In the twenty years that had elapsed since Bakunin and his conspiracy-loving following had disrupted the "Old International" by their preaching of violence against nationalism, labor had increased with the rapid strides of the increasing industry and commerce of the world. This labor had organized itself into unions and all manner of co-operative and protective associations. It had done this by natural compulsion from within, not by a superimposed force from without. They had thereby found their national homogeneity, and were ready to go forward into a great and universal international homogeneity.

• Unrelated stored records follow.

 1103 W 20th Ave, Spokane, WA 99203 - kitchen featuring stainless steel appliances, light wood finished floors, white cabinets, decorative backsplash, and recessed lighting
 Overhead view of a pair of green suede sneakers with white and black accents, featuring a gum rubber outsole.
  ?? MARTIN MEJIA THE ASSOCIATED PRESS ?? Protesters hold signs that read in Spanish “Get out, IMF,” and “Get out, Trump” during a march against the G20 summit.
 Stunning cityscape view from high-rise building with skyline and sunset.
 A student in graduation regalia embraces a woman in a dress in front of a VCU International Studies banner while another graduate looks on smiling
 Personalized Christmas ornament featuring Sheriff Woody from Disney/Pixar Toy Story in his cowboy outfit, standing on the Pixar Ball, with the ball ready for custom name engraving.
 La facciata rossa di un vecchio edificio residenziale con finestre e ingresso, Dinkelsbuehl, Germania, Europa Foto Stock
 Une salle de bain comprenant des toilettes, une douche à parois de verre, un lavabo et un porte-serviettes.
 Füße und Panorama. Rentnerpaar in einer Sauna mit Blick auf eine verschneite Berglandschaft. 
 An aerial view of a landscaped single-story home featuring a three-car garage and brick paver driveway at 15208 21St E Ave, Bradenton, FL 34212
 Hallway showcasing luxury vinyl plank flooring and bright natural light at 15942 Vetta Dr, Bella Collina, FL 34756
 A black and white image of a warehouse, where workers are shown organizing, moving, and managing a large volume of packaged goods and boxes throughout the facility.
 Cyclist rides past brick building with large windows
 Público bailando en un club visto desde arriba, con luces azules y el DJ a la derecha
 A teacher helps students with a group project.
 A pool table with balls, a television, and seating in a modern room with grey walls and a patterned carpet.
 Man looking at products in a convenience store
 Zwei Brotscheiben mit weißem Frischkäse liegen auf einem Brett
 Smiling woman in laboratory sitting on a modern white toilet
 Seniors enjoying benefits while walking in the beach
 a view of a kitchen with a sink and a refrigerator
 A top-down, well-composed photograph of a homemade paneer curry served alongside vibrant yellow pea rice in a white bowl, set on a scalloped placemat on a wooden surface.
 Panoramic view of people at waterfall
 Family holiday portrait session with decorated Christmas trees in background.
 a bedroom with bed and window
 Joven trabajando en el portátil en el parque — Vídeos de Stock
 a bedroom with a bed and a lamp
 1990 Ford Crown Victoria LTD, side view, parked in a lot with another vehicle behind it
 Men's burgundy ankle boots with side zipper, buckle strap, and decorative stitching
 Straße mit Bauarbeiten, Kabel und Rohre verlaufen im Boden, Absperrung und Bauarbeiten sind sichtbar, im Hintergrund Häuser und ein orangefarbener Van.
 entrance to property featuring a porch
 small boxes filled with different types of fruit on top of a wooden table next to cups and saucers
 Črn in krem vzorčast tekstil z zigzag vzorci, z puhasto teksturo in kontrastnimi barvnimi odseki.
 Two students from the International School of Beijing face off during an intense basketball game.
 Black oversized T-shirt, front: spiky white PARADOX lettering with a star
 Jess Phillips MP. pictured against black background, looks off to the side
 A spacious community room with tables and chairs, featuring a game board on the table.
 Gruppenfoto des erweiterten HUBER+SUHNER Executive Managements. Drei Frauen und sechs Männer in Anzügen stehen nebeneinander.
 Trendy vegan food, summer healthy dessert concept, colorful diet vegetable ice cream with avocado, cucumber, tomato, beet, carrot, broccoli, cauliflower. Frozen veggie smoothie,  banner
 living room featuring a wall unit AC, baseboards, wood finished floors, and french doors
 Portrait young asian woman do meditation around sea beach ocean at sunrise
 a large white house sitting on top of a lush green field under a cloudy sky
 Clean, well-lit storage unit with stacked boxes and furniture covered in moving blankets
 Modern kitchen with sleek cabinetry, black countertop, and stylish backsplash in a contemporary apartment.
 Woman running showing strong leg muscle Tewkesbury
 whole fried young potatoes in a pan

The International Workingmen's Association now embraces the labor movement of all the leading countries of the world. At the last congress, held in Copenhagen, 1910, reports were received from the following organizations: the British Labor Party, the Fabian Society, the Social Democratic Federation of England, the Social Democratic Party of Germany, the Social Democratic Labor Party of Austria, the Commission of Trade Unions of Austria, the Social Democratic Labor Party of Bohemia, the Social Democratic Party of Hungary, the Socialist Party of France, the Socialist Party of Italy, the Revolutionary Socialist Party of Russia, the Social Democratic Party of Lettland, the Social Democratic Party of Finland, the Socialist Party of Norway, the Social Democratic Labor Party of Sweden, the Danish Social Democracy, the Social Democratic Party of Holland, the Belgian Labor Party, the Socialist Labor Party of the United States, the Social Democratic Party of Servia, and the Bulgarian Laborers' Social Democratic Party.[9] These names indicate the threefold nature of the modern movement. It is a labor movement, it is democratic, and it is Socialistic. And the list of countries shows that it is international.

At Brussels a permanent International Socialist Bureau is maintained, with a permanent secretary, who is in constant touch with the movement in all countries.